Bicycle Rodeo offers safety tips for youth

Amber Aldaco By Amber Aldaco

Aug. 12, 2017 at 9:51 p.m.
Updated Aug. 13, 2017 at 6 a.m.

Senior officer Adam Banda, front, leads Dimitri Gutierrez, 6, and Layton Garrison, 9, through the bicycle safety course set up at John Wesley United Methodist Church.

Senior officer Adam Banda, front, leads Dimitri Gutierrez, 6, and Layton Garrison, 9, through the bicycle safety course set up at John Wesley United Methodist Church.   Nicolas Galindo for The Victoria Advocate

A few weeks ago, 9-year-old Layton Garrison experienced firsthand the freedom of riding a bicycle like a big kid - with no training wheels.

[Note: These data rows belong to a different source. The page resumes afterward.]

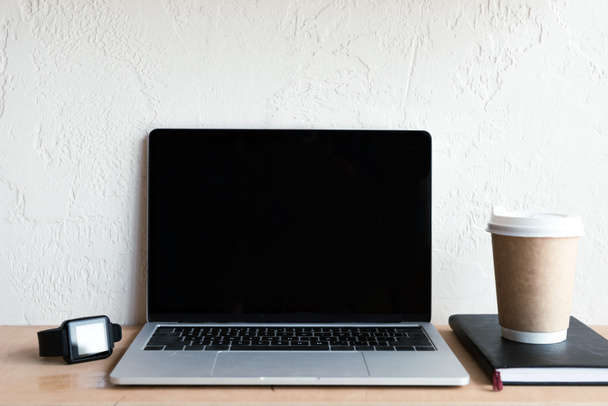 ordinateur portable avec écran blanc, smartwatch, ordinateur portable et café pour aller sur la table
  - Photo, image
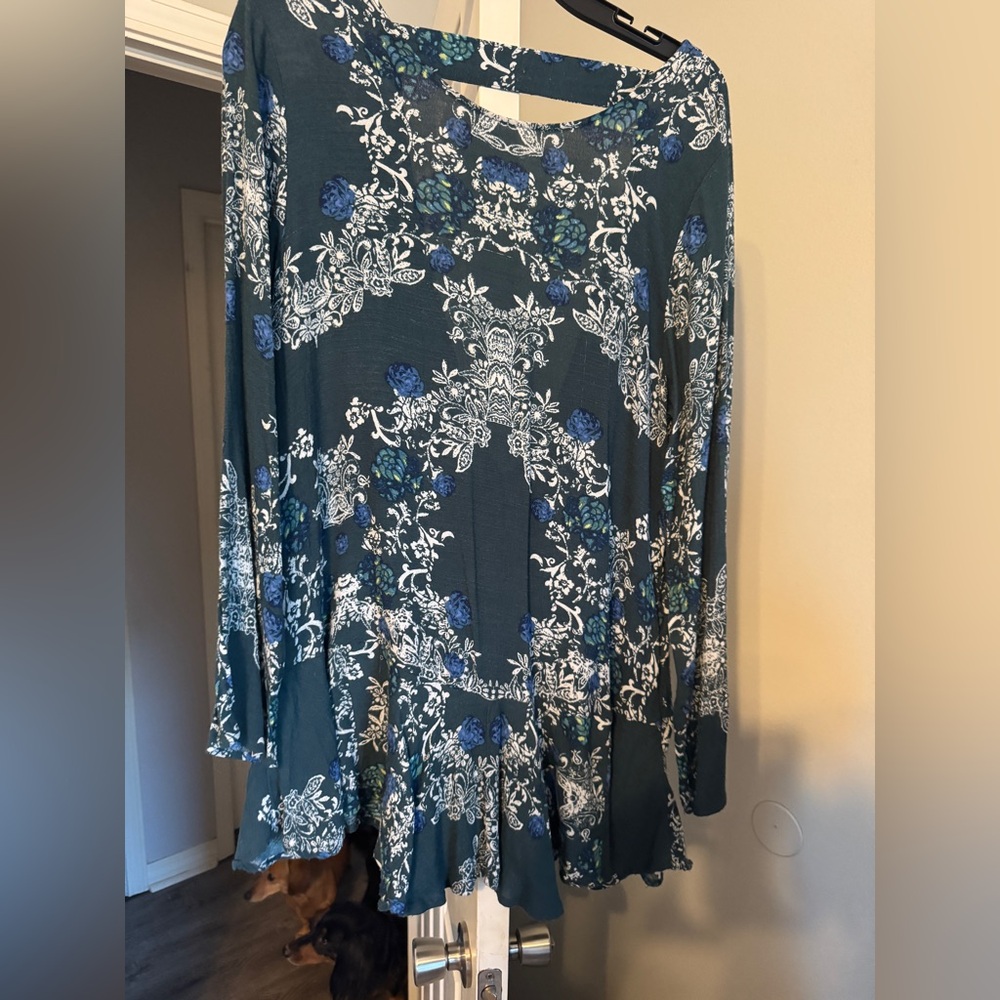 Free People top. Size Large. Floral pattern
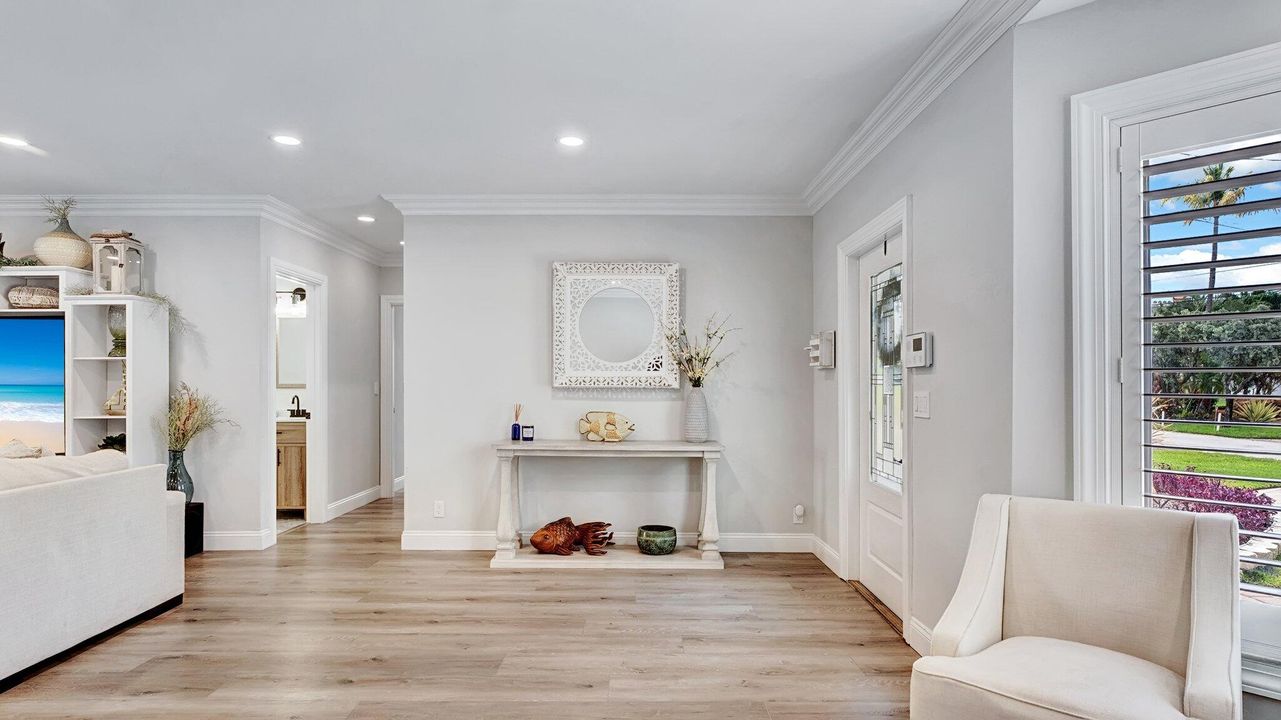 待售: $2,000,000 (3 贝兹, 2 浴室, 2070 平方英尺)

"It was so much fun," Layton said.

While Layton is becoming more skilled as he rides around on his Star Wars-themed bicycle, the future fourth-grader admits he still has much to learn.

"But learning is the best part," he said.

Layton was a participant in Saturday's Bicycle Rodeo, an event hosted by the John Wesley United Methodist Church and conducted by the Texas Department of Public Safety and Victoria Police Department.

Kelly Sowell, a church volunteer, helped organized the event. She said she wanted to reach out to the community both spiritually and to promote safety awareness.

"With school starting, it's important to promote bicycle safety," Sowell said. "I am so glad DPS and the (Victoria) police department are here to teach the rules of the road."

The parking lot was turned into a bicycle obstacle course, where children could utilize hand and arm signals, bike control and gain rider confidence as they rode their bikes around sharp corners, orange safety cones, stop signs and a figure eight.

Senior Officer Adam Banda, with the Victoria Police Department, was on-hand at the safety awareness event to demonstrate and talk about bicycle safety.

Banda's advice for parents included learning the rules of the road such as the hand and arm signals during traffic. Bicyclists are allowed to ride their bikes with vehicle traffic, Banda said, as long as they follow traffic rules.

"Treat a bike just like a car - it's no different," Banda said.

Sgt. Ruben San Miguel, spokesman for the Department of Public Safety, said bicycle safety concerns all counties.

He also advises that riders stay away from distractions such as cellphone and having headphones on while riding. A majority of crashes happen at access points, such as intersections and driveways, he said, adding that cyclists should make sure to always look both ways while riding.

Barbara Strelczyk, Layton's caretaker, said she brought him and his siblings to meet law enforcement officers.

"I wanted them to learn about the laws of bike riding but also show them that law enforcement officers are here to help them," Strelczyk said.

Eight-year-old Gregory Buesing said he learned how to ride a bike when he was 5. Gregory, who has participated in bike rides before, said he rides his bicycle often, adding that he learned the traffic safety symbols and plans to continue to be a conscientious rider.

"I'd like to do full bike marathons when I'm older, so it's good to learn more about bike riding," Gregory said.

His mother, Lori Buesing, agreed.

"It's definitely a great event to teach kids about safety," Buesing said.

An Air Medical helicopter also landed at the event and Victoria Police Department Senior Officer Cody Maresh and K-9 Officer Cirix were featured.